After a diagnosis is made, a first line of treatment begins. If a patient’s myeloma is unresponsive, it is said to be “refractory,” and a subsequent line of treatment is required.

Once an effective treatment is found, a patient may eventually go into remission – complete or partial disappearance of the disease’s signs or symptoms. But remission doesn’t last forever. In time, multiple myeloma patients will commonly experience a relapse – a reappearance of the cancer. At this point, a subsequent line of treatment will likely need to be found and administered, because the first line treatment will no longer be effective.

Given that not all myelomas respond to all treatments, and that most multiple myeloma patients relapse, it is incredibly important that there be a variety of treatment options available. Treatment options from chemotherapy to biologically engineered proteasome inhibitors have been made available for patients, and new treatment options are being innovated – including treatments that are specifically engineered for relapsed myeloma.

Read on for some of the currently-available treatment options for multiple myeloma:

Observation – There are cases in which the best course of action for a stable condition is to closely monitor it, in case it gets better or worse, but to take no other actions.

Radiotherapy – Radiation uses high energy x-rays or particles to penetrate the tissues of the body to reach and damage the cancer cells and prevent them from growing.

Chemotherapy – Chemotherapy drugs damage cancer cells, interrupting their ability to divide and grow.

Steroids – Steroids play an important role in treatment of multiple myeloma and have both anti-inflammatory and anti-myeloma effects. They are often used to help reduce the side effects from chemotherapy and other treatment options.

High-Dose Chemotherapy with Stem Cell Transplantation – Before getting a stem cell transplant, a patient will receive high-dose chemotherapy with radiation to kill the cells in the bone marrow – both cancerous and normal. Then, they will receive healthy blood-forming stem cells. The transplanted stem cells will help repopulate the bone marrow

Immunomodulatory Agents – Targeted therapy that is similar to chemotherapy, except that these drugs are biologically engineered to attach themselves to specific protein receptors, rather than the entire system.

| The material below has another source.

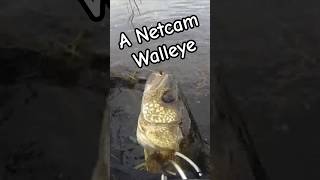 Walleye Fishing in our Favorite Alberta Creek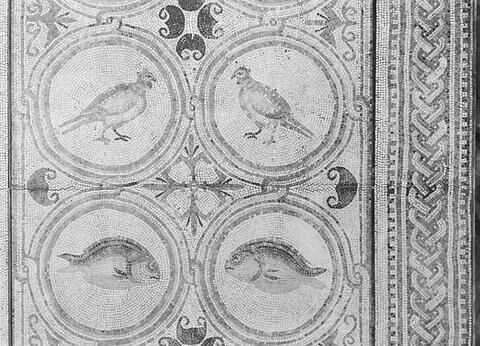 Mosaïque de Qabr Hiram, image 64/65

Proteasome Inhibitors – Proteasomes are structures in both healthy and abnormal cells whose job is to rid the cell of proteins. Proteasome inhibitors work by blocking that activity, and causing a buildup of proteins, which interferes with cell growth and can kill myeloma cells.

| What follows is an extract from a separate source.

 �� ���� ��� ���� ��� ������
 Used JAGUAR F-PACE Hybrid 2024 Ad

Supportive Treatments – Medications that are used to relieve the symptoms of the multiple myeloma, and the side effects of the drugs being used to fight it. Some might include drugs to manage pain, drugs to protect the bones and increase bone density, drugs to prevent infection, and blood thinners to prevent blood clots, to name a few.

Treating multiple myeloma is an ongoing process that requires close monitoring, and persistence. And while the disease is currently incurable, developments and new treatment options are helping some patients live 10 years or more after diagnosis.